Chloé - Fundraiser

07/10/2010 - Pays : Australie - Imprimer ce message

CHLOE FUNDRAISER : UN ENTRETIEN A LA POP STAR

Mon aventure de sandwich maker ayant pris fin la première semaine du déménagement, j’usais mon temps à la recherche d’un nouveau travail, encore une fois, gumtree fut mon meilleur allié.

Il y avait vraiment de tout et n’importe quoi,  dans mon angoisse, je répondais à tout ce qui passais, et réussi à me dégoter 5 entretiens en une semaine, la plupart pour différents restaurants.

J’étais particulièrement curieuse des annonces aussi abondantes que criardes, qui promettaient de gagner entre 800 et 1000 dollars la semaine un « easy job », embauche sans expériences, formation incluse.

 Le contenu du travail étant vague au possible, tout cela ressemblait fort  à un attrape nigaud.

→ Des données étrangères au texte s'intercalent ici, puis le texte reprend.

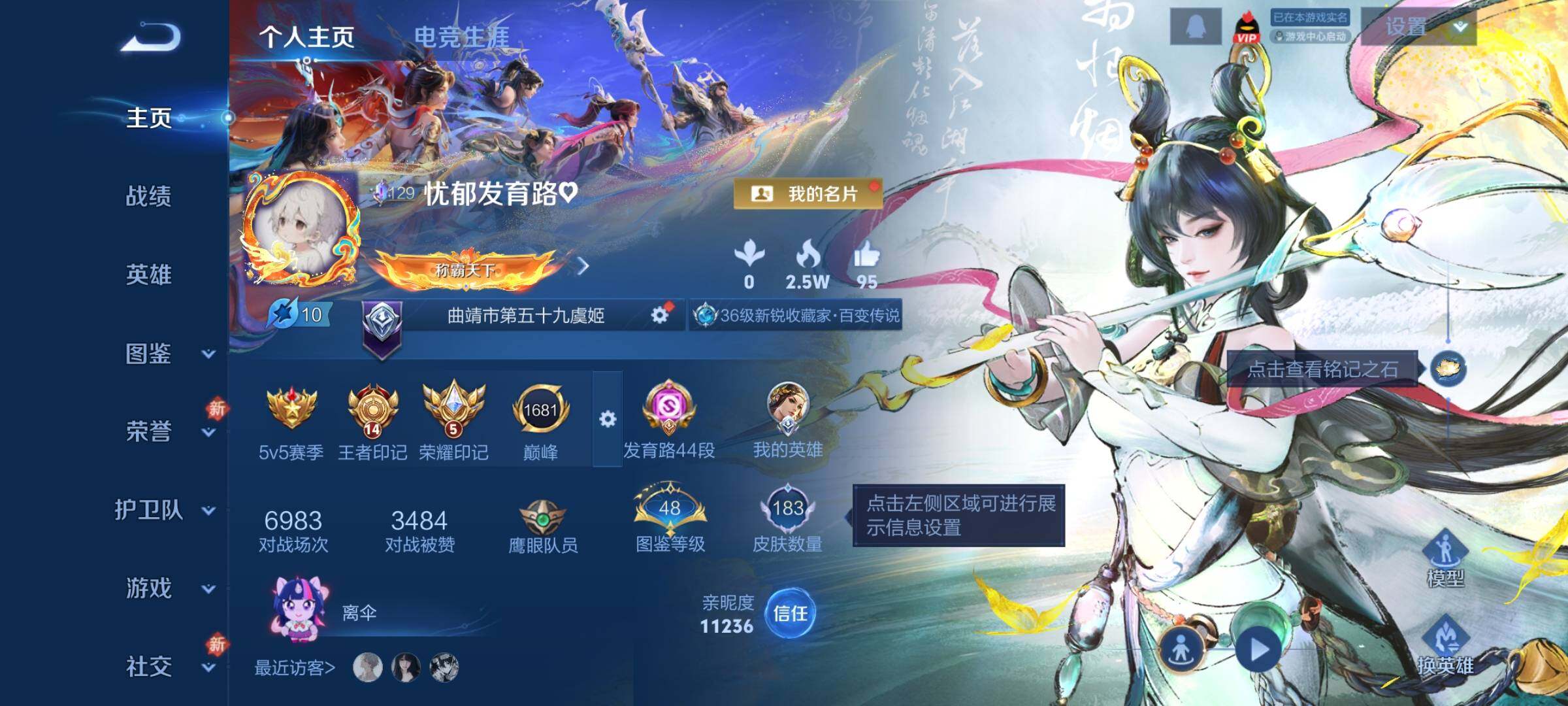 WZCMY4220075王者荣耀账号详情图2 WZCMY4220075王者荣耀账号详情图2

N’ayant rien à perdre, je répondis quand même et lors de l’entretien dans des bureaux très chic à Toorak (une des banlieues les plus snob de Melbourne), je compris qu’il s’agissait de compagnies marketing qui recrutaient à tour de bras des jeunes afin de solliciter des donations dans la rue pour différents organismes caritatifs.

La recruteuse était aussi jeune que moi, pleine de vitalité, les dents colgate, elle brillait tellement de succès que dans des cartoons on aurait vu des étoiles clignoter autour de sa silhouette, souriante et amicale au possible, elle me vantait les mérites de la compagnie et les possibilités d’avancements rapides pour les personnes douées, on aurait dit que c’était elle qui passait un entretien. Le strass était trop évident, je décidais de gratter les paillettes en lui demandant les modalités concernant le salaire.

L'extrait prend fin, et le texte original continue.